Tuesday, May 6, 2008

Loving St Judes Cellar

Brunswick St, Fitzroy is a fair hike from my neck of the woods - St Kilda.

So getting up across the river on a cold Melbourne night, in the rain, was a big call but I was pretty keen to try out the month old St Judes Cellars. We were a little scared through, phoning four times that day - Sunday - the phone rang out and once it was answered by someone that told me they would call back, yet didn't. Obviously we really wanted to go, so a mental backup list was made, in case we not be able to secure a perch at the bar.
We should not have been that worried. St Judes was busy, but never full in the few hours we were there.

A rocky and intimidating start, but the wash-up? I loved it and wish I had a St Judes, closer to home.
I don't think you really have experienced St Judes unless you sit at the bar, perched on a wire framed stool, staring into the busy kitchen and chatting with the waiters. You need to be part of the action, it's kind of like going to MoVida and sitting at the bar, if you don't, you miss out.

The food is very approachable at St Judes. It's all about sharing, which I find a particularly perfect way to eat especially with a loved one - arh PDC... ;) Perhaps though, a little trickier with someone that you don't want to share a spoon with, as then you will both miss out on the intense broths that a few of the dishes are served in. Definitely very spoonable, straight from pot to mouth.
Chef Danielle Rensonnet, has done her time at some of the fancier local restaurants but can also mix her refined style with a casual flair, offset by eclectic pots, thick wooden boards and funky vinyl cut-out place mats and coasters.
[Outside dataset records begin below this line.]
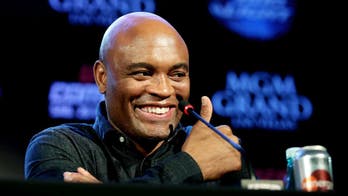 Anderson Silva caps off UFC 212 presser with hilarious one-man face-off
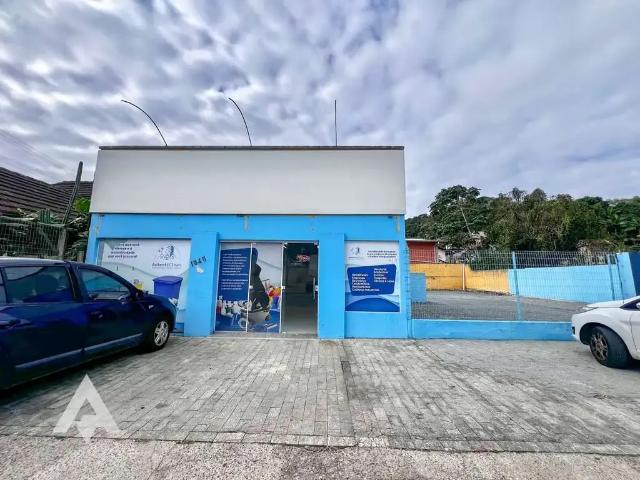 Casa / Sobrado Comercial para Locação em Blumenau/SC Escola Agrícola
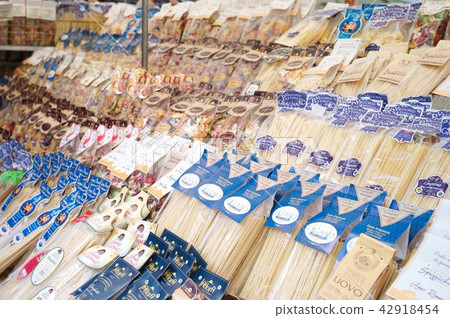 Rome Market 42918454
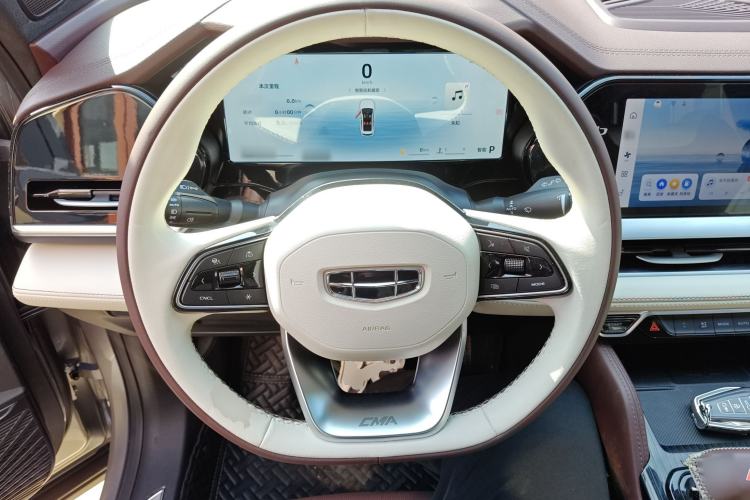 Used Geely Auto Monjaro L 2024 2.0TD High-Power Automatic Two-Wheel Drive Yunqi Version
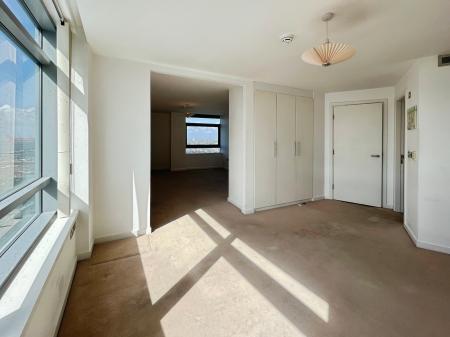 2 bedroom Flat for sale in Beetham Tower, Old Hall Street, City Centre, Liverpool, L3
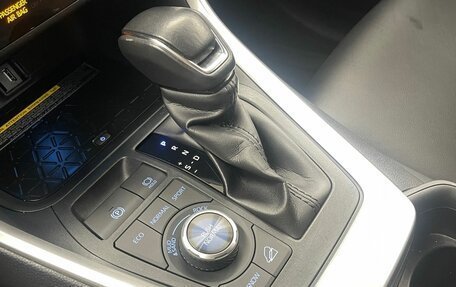 Toyota RAV4, 2020 год, 4 197 000 рублей, 18 фотография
A larger dish of 'Kurabuta'(sic) pork is cooked to near melting stage were the meat is so tender that it could be eaten with a spoon as you slurp the broth and celery/parsley sauce from the pot.

A dish that has not won many hearts in the review stakes so far, the braised squid, chickpea and cavolo nero number, I found to be utterly more-ish. With an intense (chicken?) based stock the squid was confetti-ed into tiny strips and just cooked in the broth with a scattering of chickpeas and the herbal cabbage, very Autumnal.

The dishes all felt quite good value for money apart from the eel dish which featured a smear of eel pate, a square of smoked eel and some crack-your-teeth-good croutons.
PDC selected our wine from the wine wall at the front private dining space, a concept that I am yet to fully embrace - great for the selector, but not so good for the dinee, that gets left staring at the kitchen alone (not so bad in my case, but I'm sure you get what I mean).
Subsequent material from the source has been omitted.